§ Available records
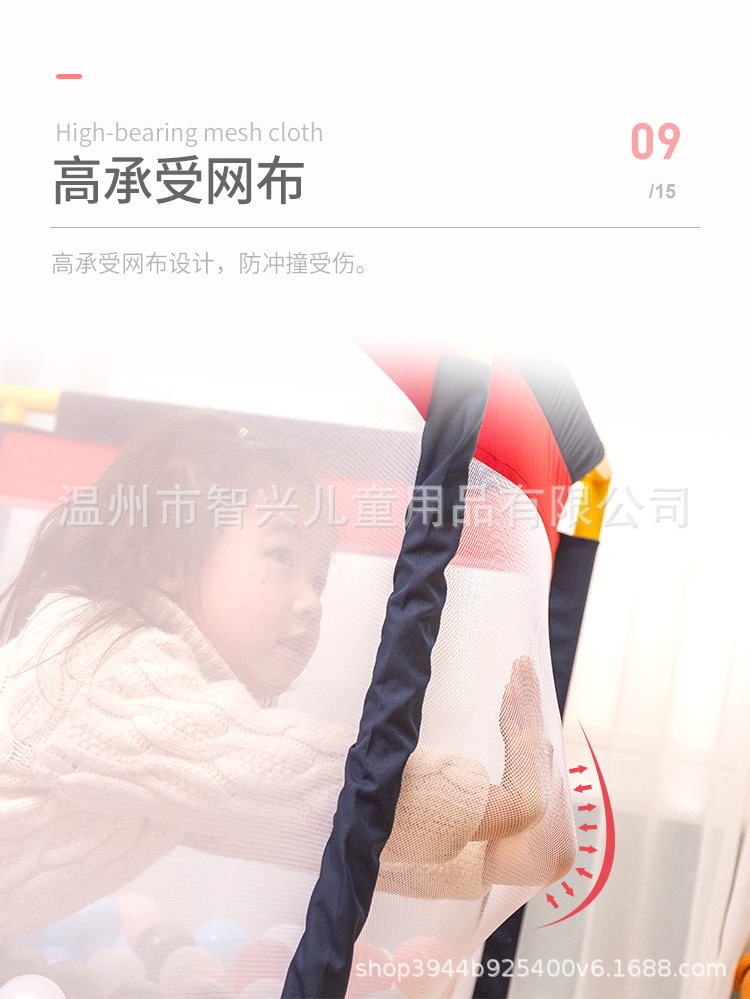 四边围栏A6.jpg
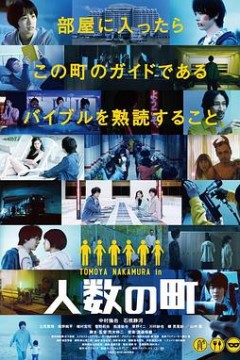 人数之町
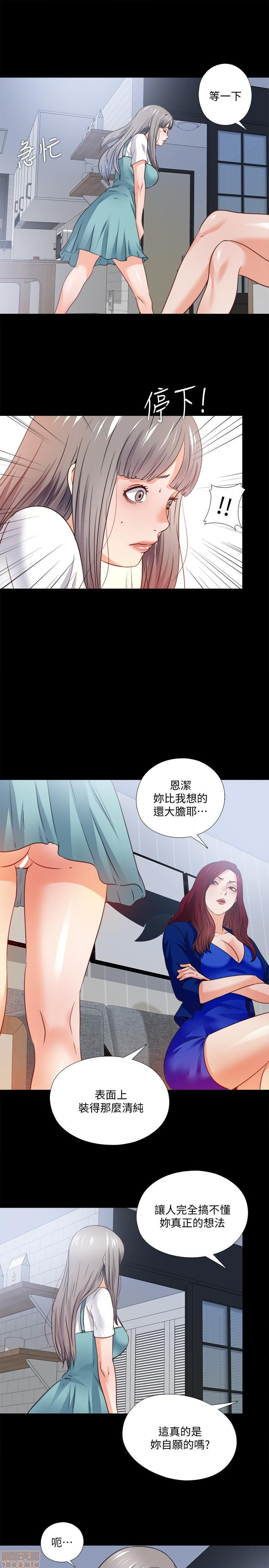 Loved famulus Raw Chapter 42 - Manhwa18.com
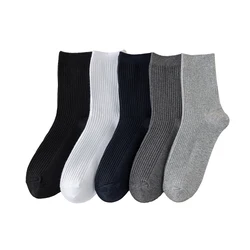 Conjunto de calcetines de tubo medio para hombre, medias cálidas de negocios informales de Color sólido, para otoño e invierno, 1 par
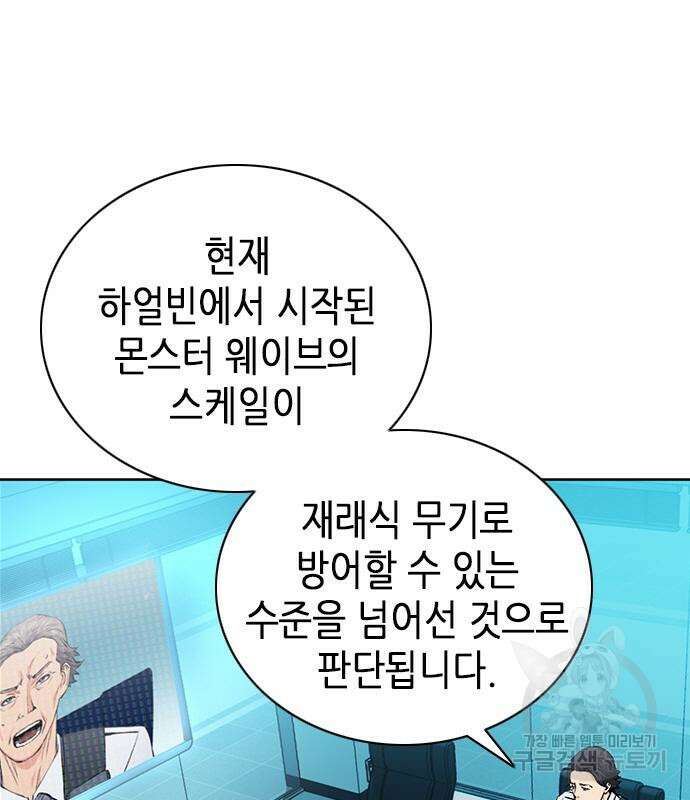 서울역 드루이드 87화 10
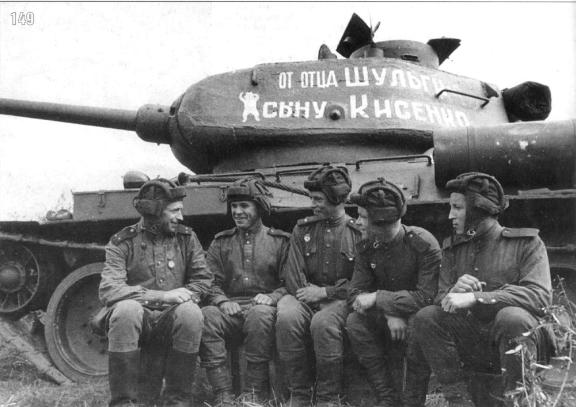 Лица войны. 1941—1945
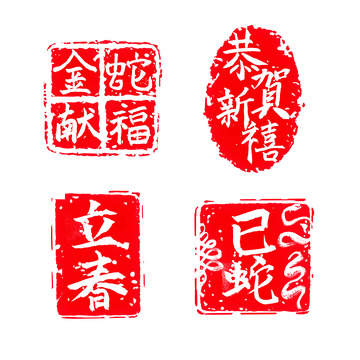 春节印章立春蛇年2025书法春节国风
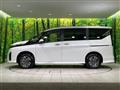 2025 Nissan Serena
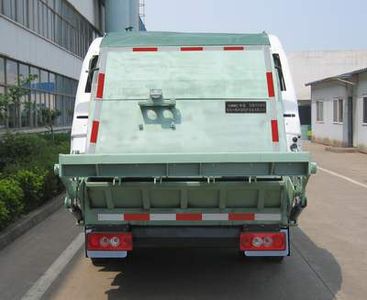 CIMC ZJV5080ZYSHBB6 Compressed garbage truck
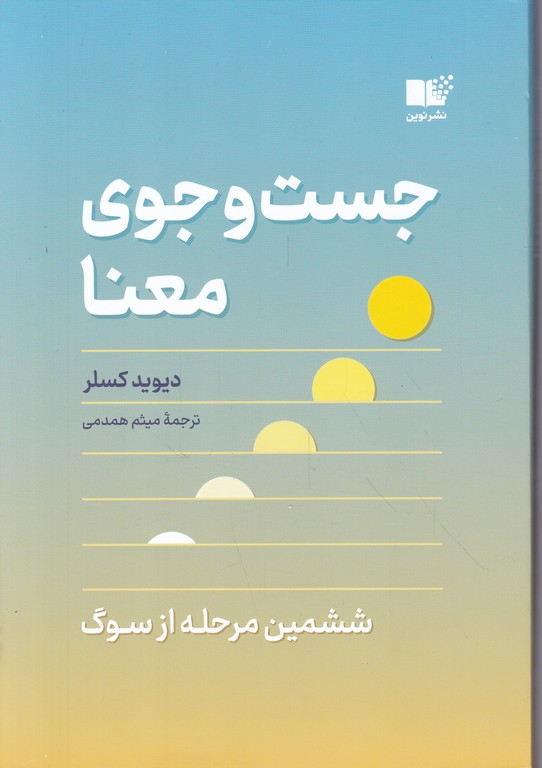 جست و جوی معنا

--

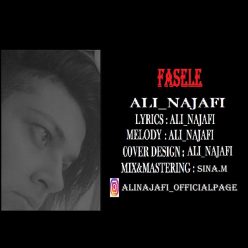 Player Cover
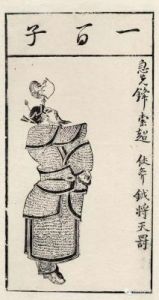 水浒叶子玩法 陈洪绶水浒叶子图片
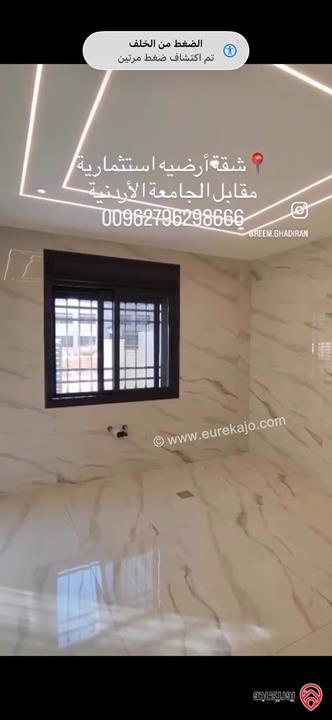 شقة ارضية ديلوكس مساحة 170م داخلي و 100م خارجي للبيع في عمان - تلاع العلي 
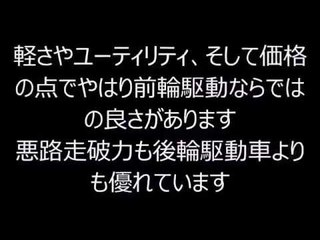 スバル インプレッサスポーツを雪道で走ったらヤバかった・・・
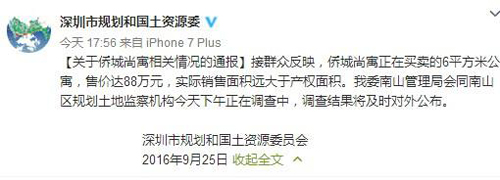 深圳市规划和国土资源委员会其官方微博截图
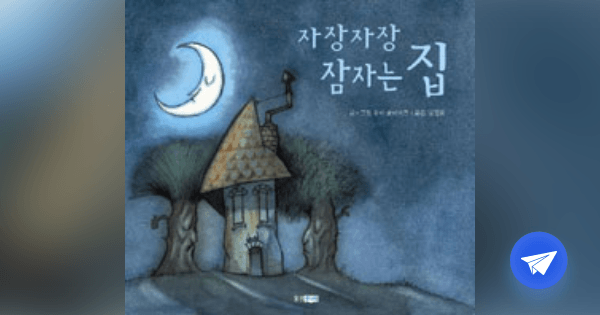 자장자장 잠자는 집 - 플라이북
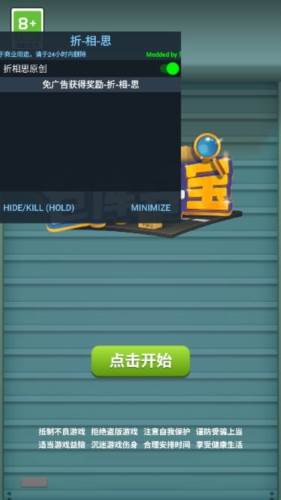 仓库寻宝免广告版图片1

--

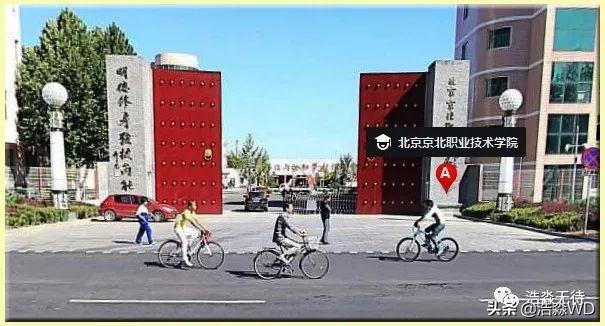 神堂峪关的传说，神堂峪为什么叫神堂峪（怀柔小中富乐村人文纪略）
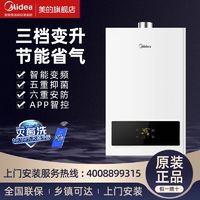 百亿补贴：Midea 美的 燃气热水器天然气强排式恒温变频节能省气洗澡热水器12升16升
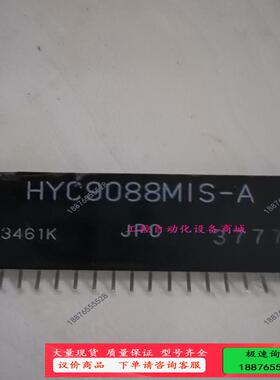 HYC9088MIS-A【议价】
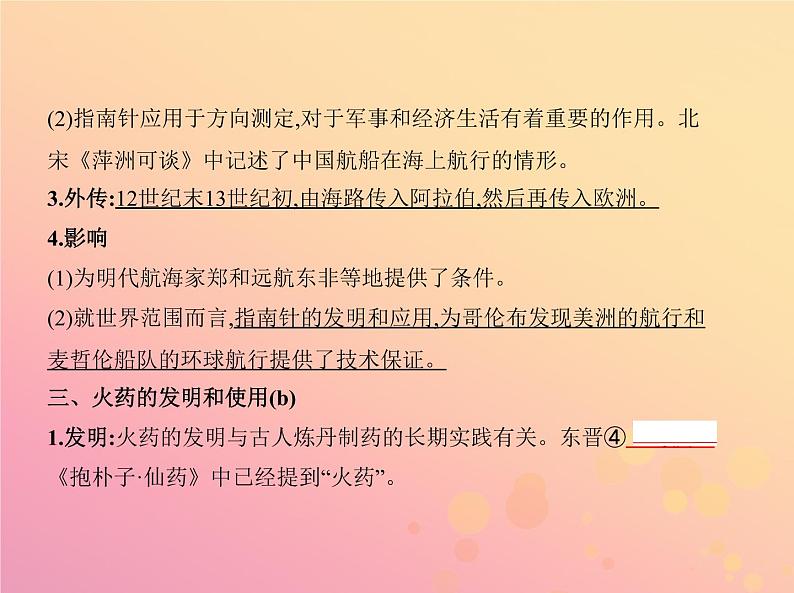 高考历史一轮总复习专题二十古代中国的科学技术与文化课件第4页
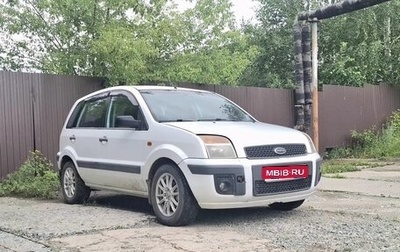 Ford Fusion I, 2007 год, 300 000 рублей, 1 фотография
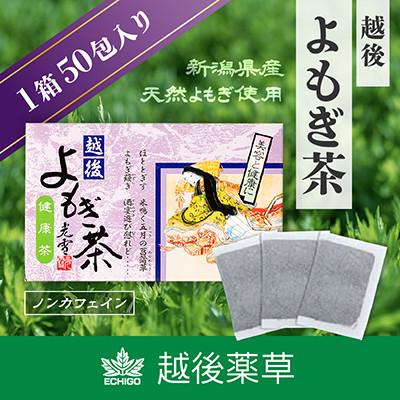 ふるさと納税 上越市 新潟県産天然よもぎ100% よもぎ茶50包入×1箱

§ Exercise details
Word for word, restate the lines above from the one with "高考历史一轮总复习专题二十古代中国的科学技术与文化课件第4页" through the one with "ふるさと納税 上越市 新潟県産天然よもぎ100% よもぎ茶50包入×1箱", keeping both ends and dropping the pictures.

§ Result below
 高考历史一轮总复习专题二十古代中国的科学技术与文化课件第4页
 Ford Fusion I, 2007 год, 300 000 рублей, 1 фотография
 ふるさと納税 上越市 新潟県産天然よもぎ100% よもぎ茶50包入×1箱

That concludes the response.